**WORK TASK**: Everything from the line that contains "Vintage Ben Davis" through the last line below should be transcribed exactly, except the pictures.

**SUPPLIED DATA**:
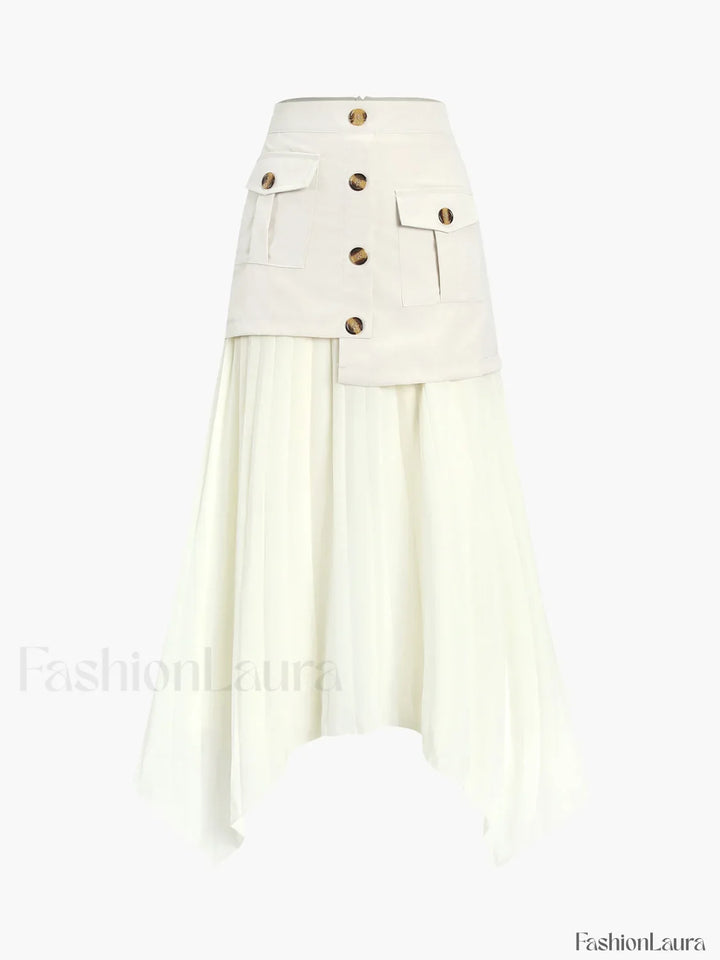 Emily & Isabella Brooks | Asymmetrical Pleated Midi Skirt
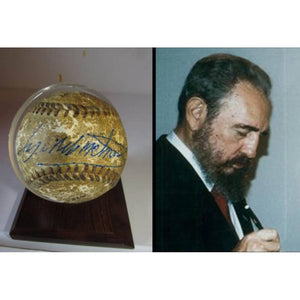 Fidel Castro vintage baseball signed with proof
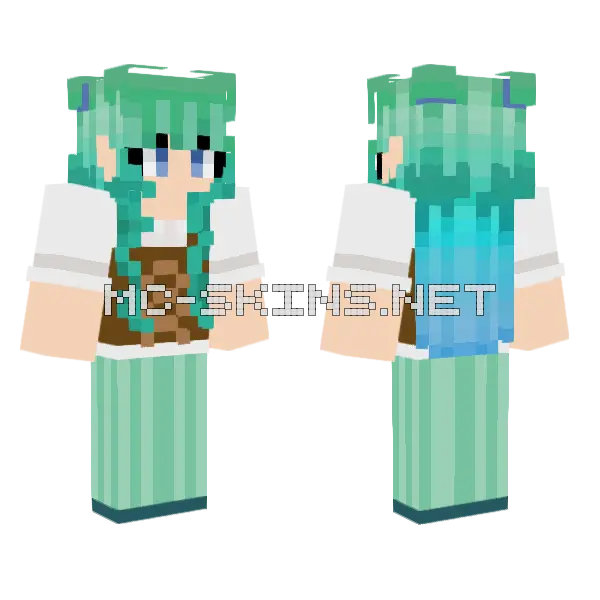 Elf Girl Minecraft skin, front and back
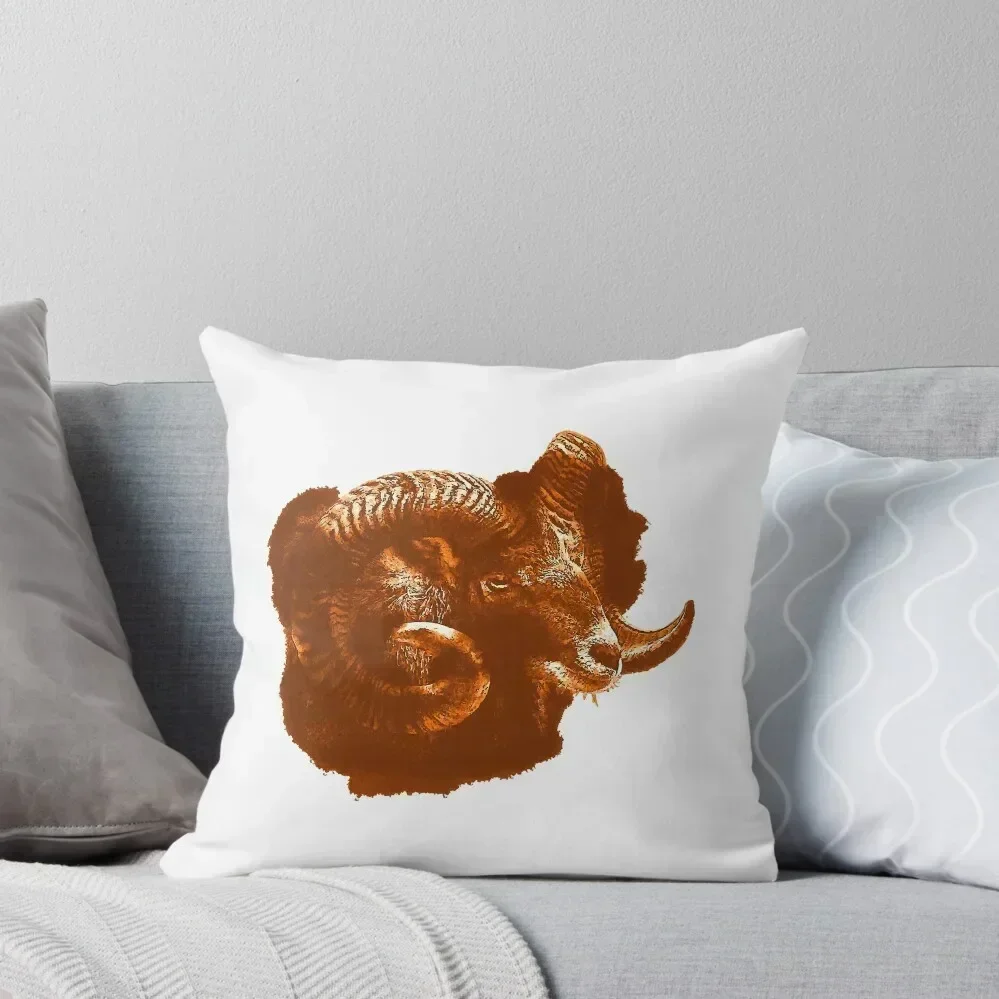 

Mouflon head, sheep head, wild sheep, animal shirts for men Throw Pillow sleeping pillows pillow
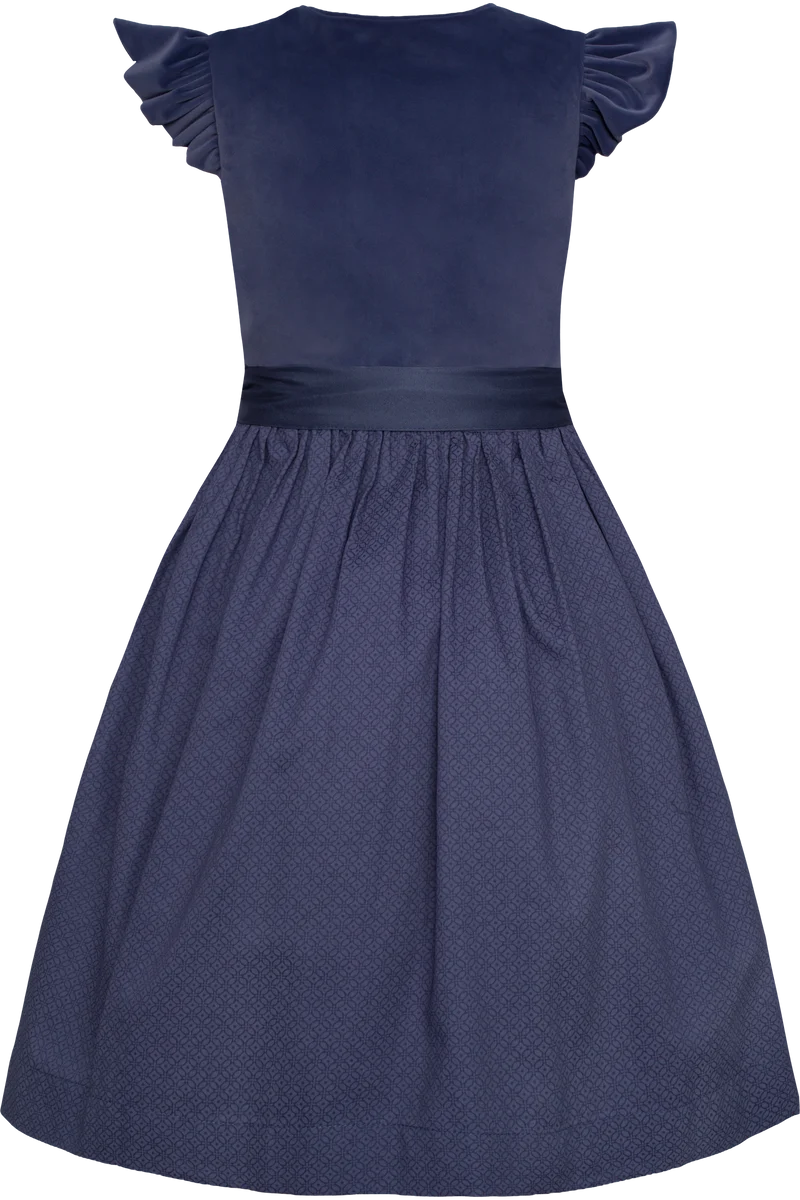 Kinder-Veloursdirndl mit Flügelärmeln - taubenblau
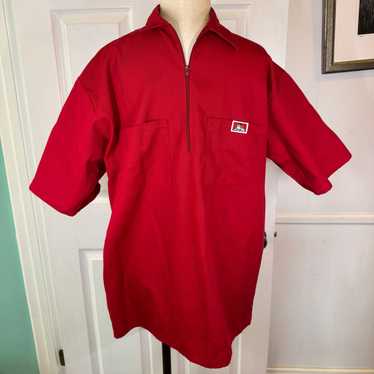 Vintage Ben Davis Work Shirt Adult XL Maroon store Striped 1/2 Zip Pullover USA 90s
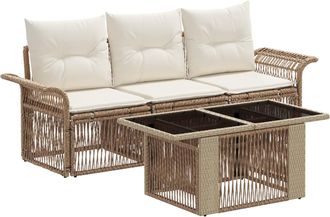 vidaXL Conjunto De Sof&aacute;s De Jard&iacute;n 4 Uds. Beige Y Blanco Crema Vidaxl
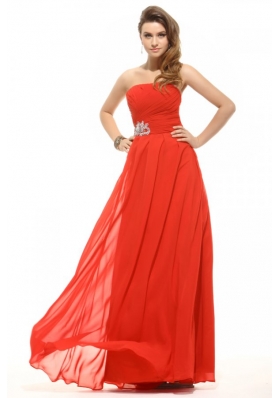 Empire Orange Red Strapless Beading Ruching Prom Dress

**COMPLETED TASK**:
 Vintage Ben Davis Work Shirt Adult XL Maroon store Striped 1/2 Zip Pullover USA 90s
 vidaXL Conjunto De Sof&aacute;s De Jard&iacute;n 4 Uds. Beige Y Blanco Crema Vidaxl
 Empire Orange Red Strapless Beading Ruching Prom Dress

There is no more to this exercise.